__The task__
Every line from the one holding "Выставка: 11 трендов" through the one holding "3258 E Berkshire" in the data below must be returned exactly, both ends included, with pictures left out and nothing else added.

__Supplied entries__
Segment Open
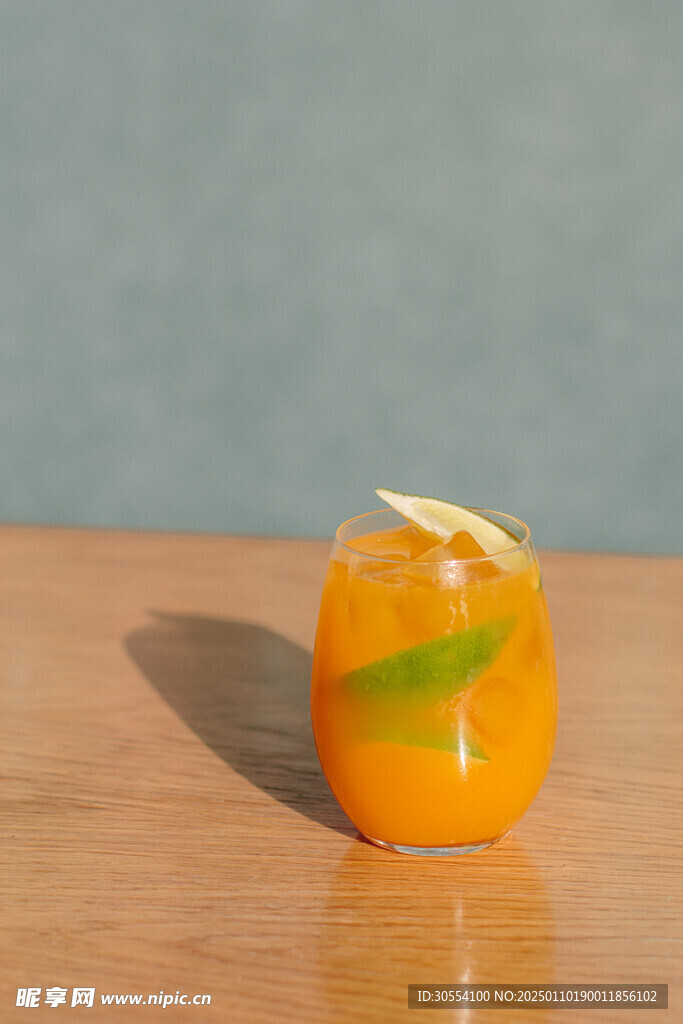 鸡尾酒图片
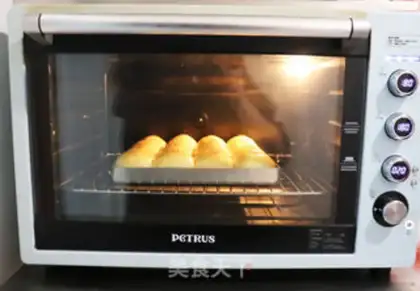 Make A snack step 14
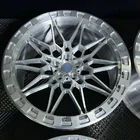 BMW 4-serie G22/23/26 2020– Gesmede OEM velgen R19 R20 V7 (4 stuks) foto 1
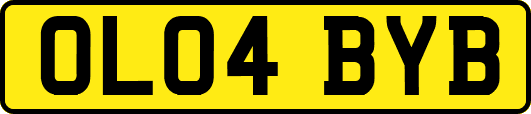 OL04BYB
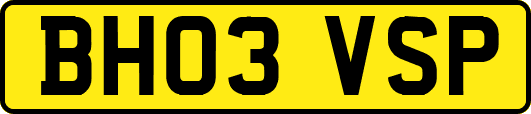 BH03VSP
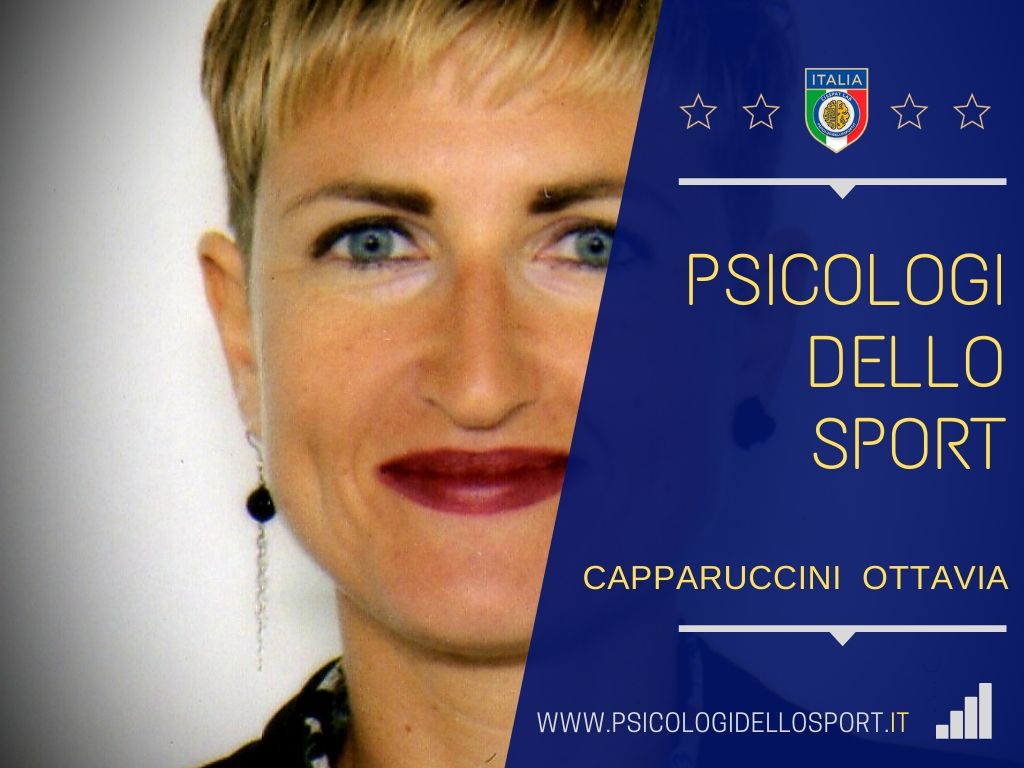 Ottavia Capparuccini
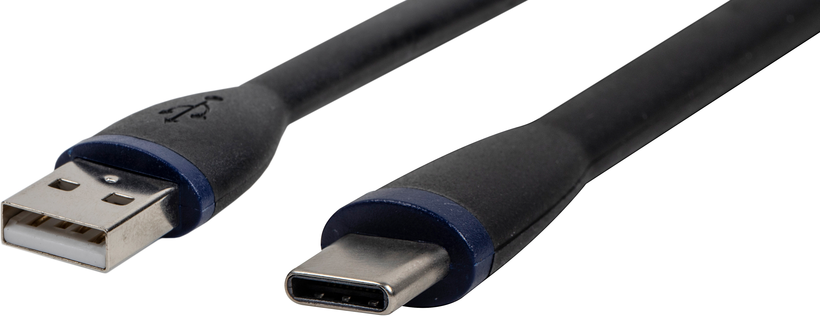 Kabel ARTICONA USB typ C - A 0,15 m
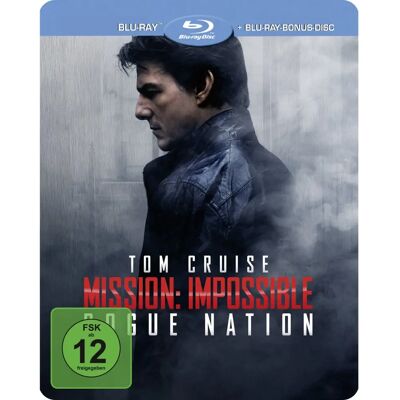 Paramount - Limitierte Edition Blu-ray Film Paramount - Limitierte Edition Blu-ray Film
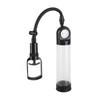 Manual Penis Pump Professional Men Home Safe Ergonomic Penis Vacuum Pump Trainer Device for Erection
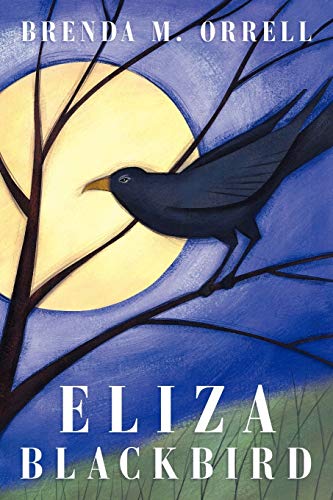 Eliza Blackbird [Paperback]
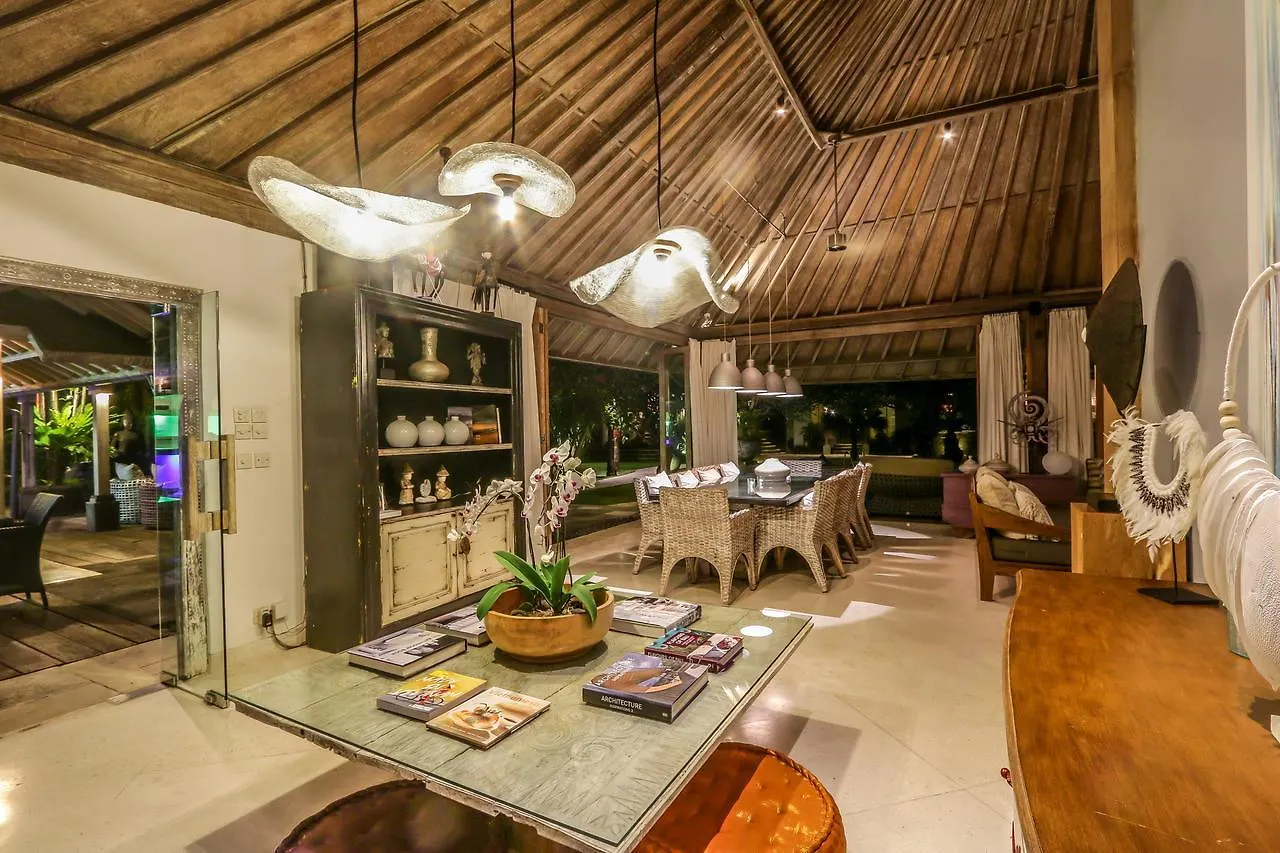 Maya Villa - Seminyak
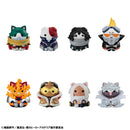 [Pre-order] MEGA CAT PROJECT My Hero Academia HeroAca Kitties NO.01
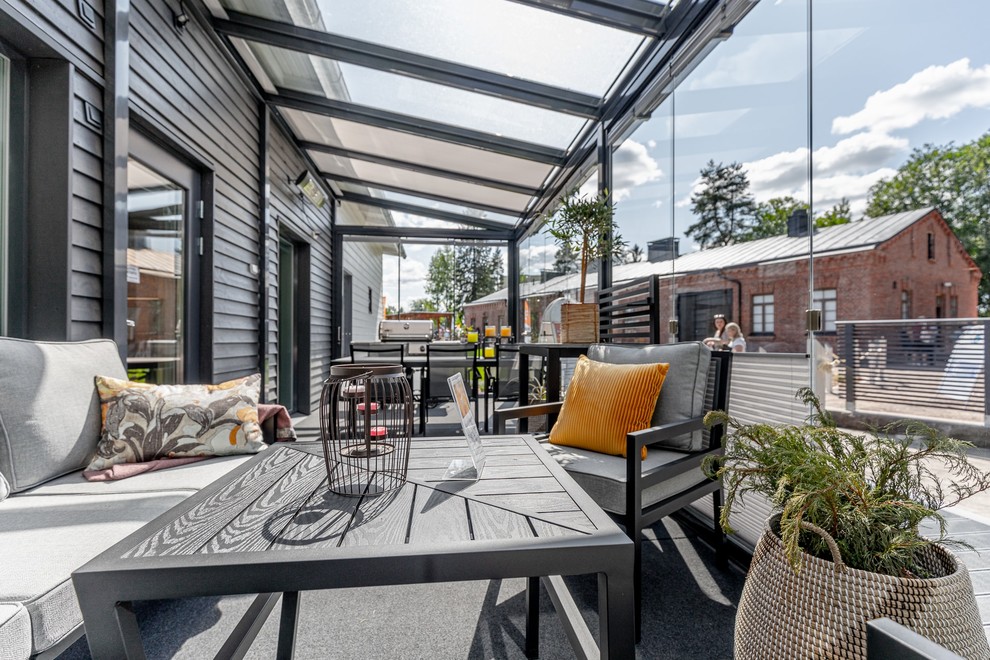 Выставка: 11 трендов финской Asuntomessut-2019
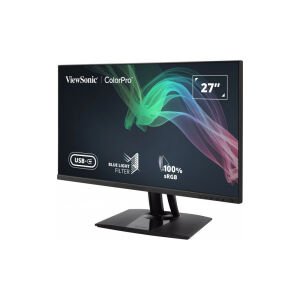 ViewSonic VP2756-2K 27'' 5ms 60Hz QHD IPS Monitör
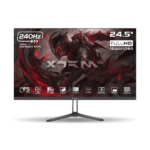 XTRMLAB XK25G24IFF 24.5" 240Hz Fast IPS
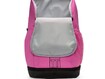 Seljakott Nike VARSITY ELITE Backpack heleroosa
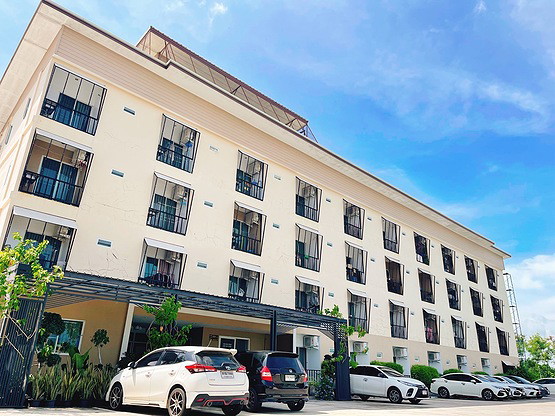 Condo · chon_buri — photo 1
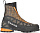 Ботинки мужские AKU Aurai DFS Gtx Black/Orange - Фото 1 малая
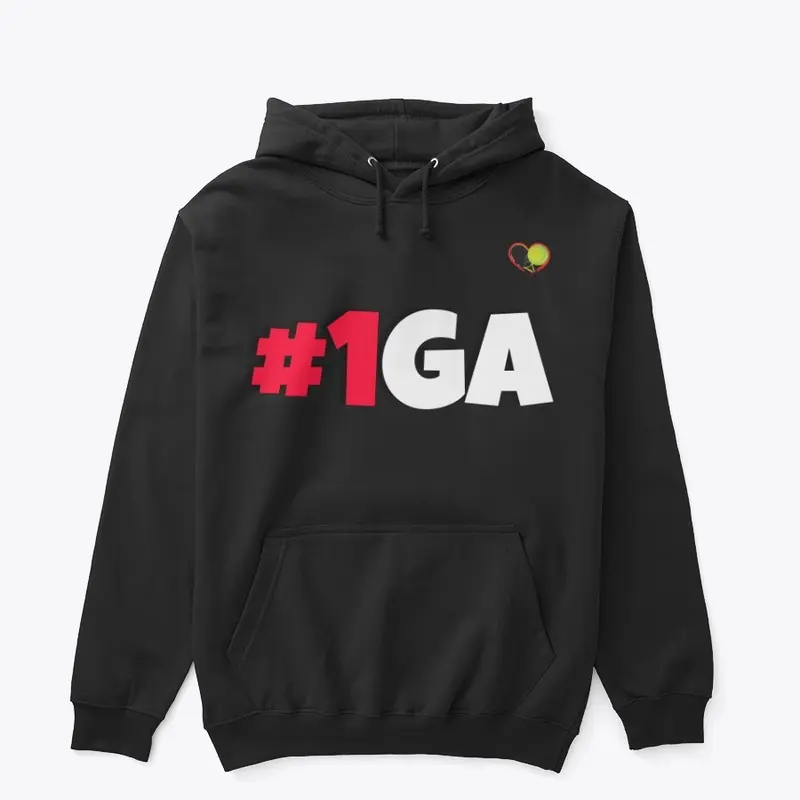 #1 Iga Collection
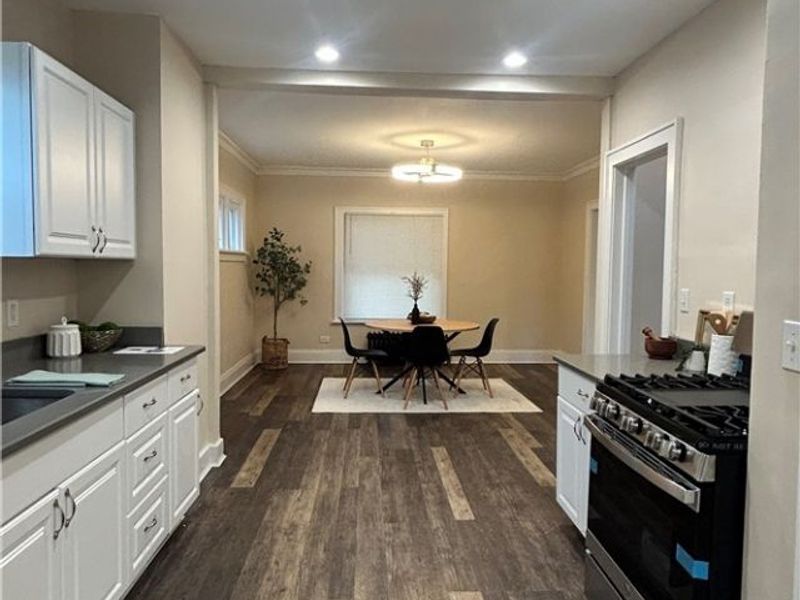 3258 E Berkshire Road, Cleveland Heights, OH 44118 Photo 9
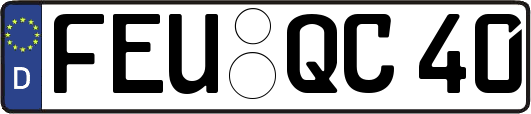 FEU-QC40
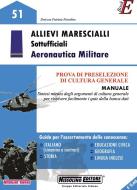 Ebook Allievi Marescialli - Sottoufficiali - Aeronautica Militare edito da Nissolino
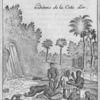 habitans de la Cote dor.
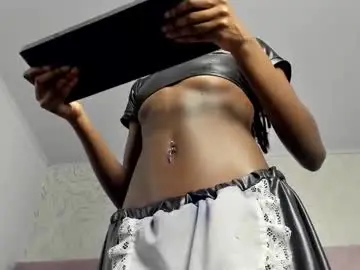 Chaturbate Free Porn Cam of victoria_noir_18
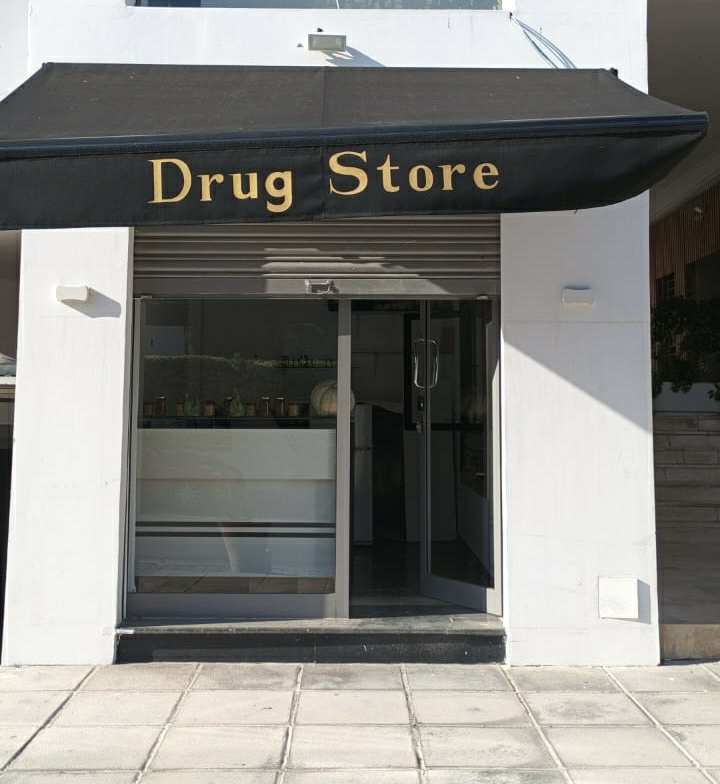 Bureaux & Commerces Grance libre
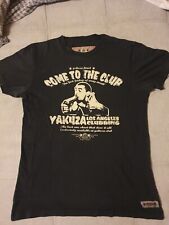 Yakuza shirt come gebraucht kaufen  Deutschland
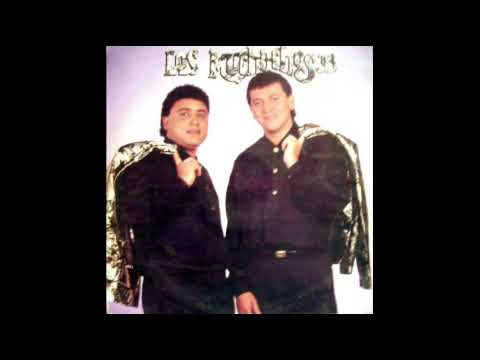 Volver A La Ternura Los Chiches del Vallenato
Segment Closed
__Solution__
 Выставка: 11 трендов финской Asuntomessut-2019
 ViewSonic VP2756-2K 27'' 5ms 60Hz QHD IPS Monitör
 XTRMLAB XK25G24IFF 24.5" 240Hz Fast IPS
 Seljakott Nike VARSITY ELITE Backpack heleroosa
 Condo · chon_buri — photo 1
 Ботинки мужские AKU Aurai DFS Gtx Black/Orange - Фото 1 малая
 #1 Iga Collection
 3258 E Berkshire Road, Cleveland Heights, OH 44118 Photo 9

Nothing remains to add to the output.